Until recently, a lot of the focus on sustainable megaprojects and construction has focused on operational emissions associated with the physical building, such as the new oil refinery, pulp mill or power plant. Reducing waste materials as well as creating opportunities for recycling and reusing post-consumption waste material has been a hot-topic in relation to operational plants and manufacturing for a long time. However, we’re moving towards increased recognition on the importance of material efficiency during engineering, procurement and construction phases of a capital project. Material efficiency is delivering the same end result with reduced amounts or lower grades of raw materials.
The challenges of material efficiency for megaprojects
Businesses are expected to have to spend increasing amounts of their revenues on capital expenses as they modernize outdated plants and build new ones that meet intensifying sustainability requirements. While many sustainability requirements are mandated by law, a lot of organizations are seeking to meet even stricter sustainability goals set by themselves. Furthermore, capital projects across industries are already notorious for delays and cost overruns due to their vast scale, complexity, and the long timelines. It is estimated that 98% of megaprojects end up running at least 30% over budget and 77% of projects run at least 40% late. According to Bain’s global analysis of 76 large energy and natural resources projects, 84% of projects weren’t completed on time averaging delays of more than two years.
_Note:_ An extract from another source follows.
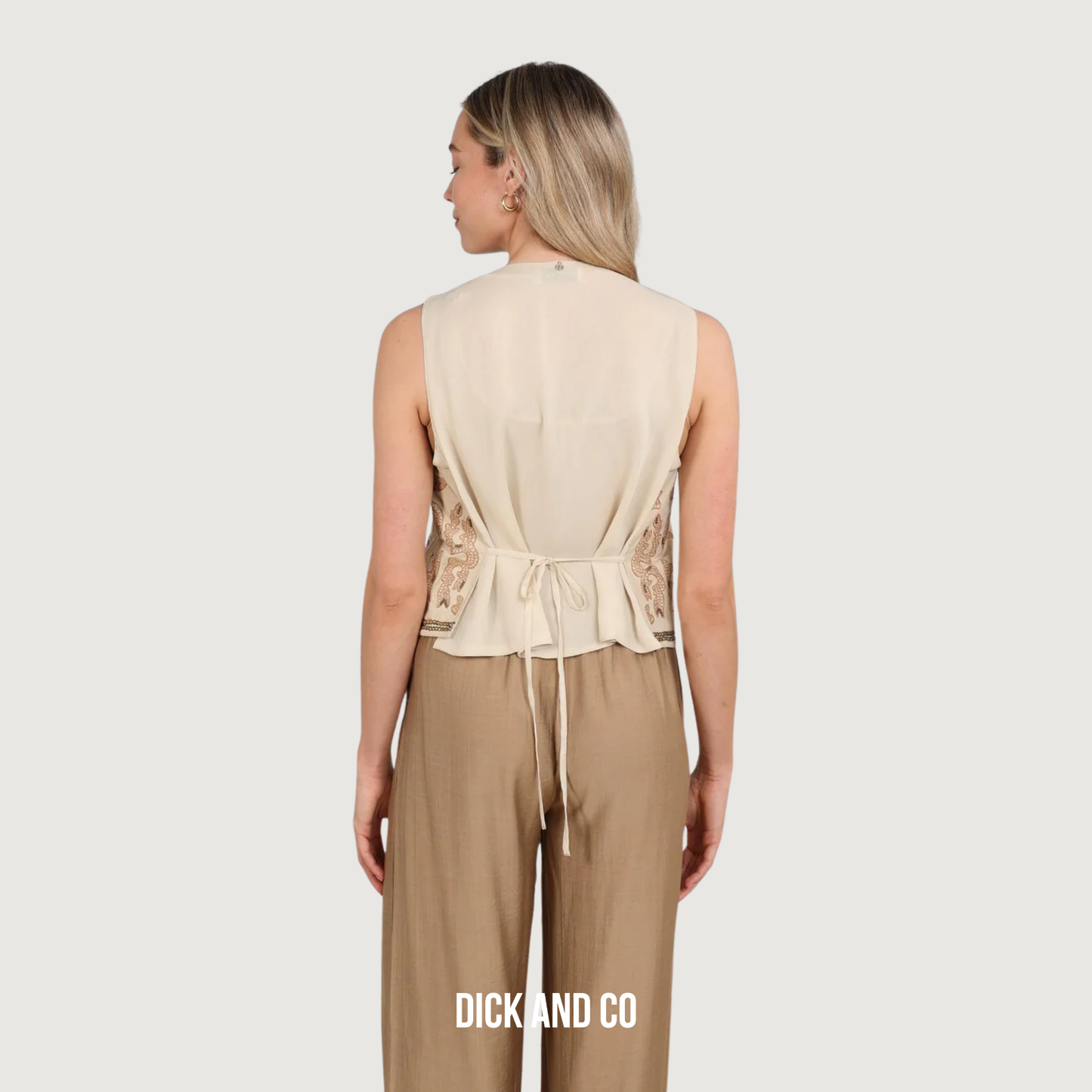 Momo Gilet Embroidery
As sustainability requirements become more rigorous, these projects will become evermore expensive and complex. For example, some businesses in the mining industry have opted to use ocean water during construction so that they don’t drain the fresh groundwater supply. Using ocean water doesn’t come without it’s challenges though- transporting and desalinating oceanwater can add 15%-30% in costs to a multibillion dollar mining investment. In a nutshell, investing in materials efficiency can increase costs in the short-term.
The benefits of material efficiency in mega projects
Multiple studies, including the report by World Green Building Council2, have indicated that construction projects save money and resources in the long run, if sustainability and material efficiency is planned well at the outset. Focusing on material efficiency early on in the project will lead to the largest cost savings and optimized project outcomes. Material efficiency in megaprojects is largely achieved during the design and planning processes, but additional savings and value can be achieved through collaboration with the entire capital project supply chain. For example, minimizing the use of raw materials and avoiding over-ordering will result in cost-benefits in the procurement stage but also help reduce costly disposal charges.
In addition to cost-savings in the long run, material efficiency will also reduce environmental impact. Recycling and reuse practices have improved tremendously in megaprojects, but with proper planning early on in the project, even more waste can be reduced and reclaimed. For example the British Standard BS 8895-1:20131 document can help architects, civil engineers, and other members of the project teams achieve materials efficiency.
Lastly, sustainability, recycling and reuse megatrends are chancing the marketplace and no business sectors remain unaffected. Even if material efficiency may increase certain costs in the short-term, the long-term enhanced reputation will provide tangible economic benefit. There are multiple examples from near-history which prove, that businesses who don’t adapt to the marketplace, simply don’t survive. For example, at one point there were 80 million Blackberry users in the world, and in the mid- to late 2000’s, the primary mode of business and personal communication was the Blackberry messenger. However, Blackberry ignored touch-screen based technology and by 2016 their market share dropped to 0.2% in 2016. When looking 40 years into the future, how many businesses do you envision operating, that don’t follow sustainability requirements and meet consumer expectations in regards to environmental impacts?
Steps for improving material efficiency in capital projects
- Opt for materials efficient structural forms (look at choice of grid size, avoid ordering greater amounts or strengths than required).
- Avoid overdesigning, such as specifying more materials than required for structural purpose.
- Utilize less material in product designs.
- Avoid over-ordering materials (this can be common to avoid running out of materials during construction).
- Ensure that suppliers avoid over-delivery.
- Plan for onsite waste even prior to any materials arriving at site. What will you do with materials not used for construction and how can you minimize the environmental impact of unused materials?
- Procure sustainable products which are typically higher in quality and last longer. This means that you don’t have to reorder and replace equipment during maintenance as often, which reduces wastes and typically also reduces over-all costs.
- Make a plan for reusing and recycling of product components.
- Design manufacturing processes at the plants to use less energy, less water or less raw materials.
- Use 3D modelling to plan materials accurately.
- Virtually simulate your project site to discover materials issues even before materials are delivered to the site.
- Procure recycled or alternative sustainable construction materials.
- Use BIM with the project team to rectify materials errors even before purchase orders are placed and unnecessary materials arrive at site.
- Minimize and optimize materials transport and packaging.
The future of material efficiency in capital projects
We’re expecting to see the trends of sustainability and environmental initiatives continue to rise. Companies in the project business sector have began to place even more emphasis on sustainability of their projects to prepare for the future, manage risks, improve their reputation and attract top talent.